Capitaine d’un navire en perdition, le PS étant crédité de moins de 10% dans les sondages, la voilà donc repartie à l’assaut de la mairie strasbourgeoise. "Ça s’est décidé en quelques heures. Je me disais que pour Strasbourg, je pouvais transmettre mon expérience, ma capacité de travail. Quand en politique vous percevez un moment, il faut le saisir. J’ai saisi cette chance-là" assure-t-elle, refusant de faire de ce retour un "baroud d’honneur"
 
"On manque de gens qui ont des colonnes vertébrales idéologiques en ce moment. Ce n’est pas facile de revenir. Elle aurait pu passer son tour, renoncer; elle ne l’a pas fait. C’est courageux", reprend Robert Hermann.

Un pari fou gagnant au soir du premier tour. "Les Strasbourgeois ne l’ont pas oubliée", assure Richard Kleinchmager. L’ancienne maire, partie de loin, arrive troisième, au coude-à-coude avec Alain Fontanel, obtenant respectivement 19,8 et 19,9% des voix.

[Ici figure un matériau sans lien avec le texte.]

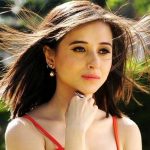 Suzanna Mukherjee Height, Weight, Age, Affairs, Biography & More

De quoi y croire jusqu’à ce soir de second tour pluvieux.
 

Catherine Trautmann résumée en six dates

  • 1989 : Catherine Trautmann deveint maire de Strasbourg, première femme à diriger une grande ville.
     
  • 1995 : Elle remporte à nouveau les municipales, dès le premier tour, face à Philippe Richert.
     
  • 1997 : Elle entre au gouvernement de Lionel Jospin, dont elle sera évincée en 2000.
     
  • 2001 : Les divisions au sein du PS provoquent la défaite de la gauche à Strasbourg et la victoire du tandem Fabienne Keller, centriste, et Robert Grossmann, gaulliste.
     
  • 2005 : Elle entre à nouveau au Parlement européen. Elle y siégera jusqu'en 2014.
     
  • 2014 : Elle devient vice-présidente de l'Eurométropole de Strasbourg, jusqu'en 2020.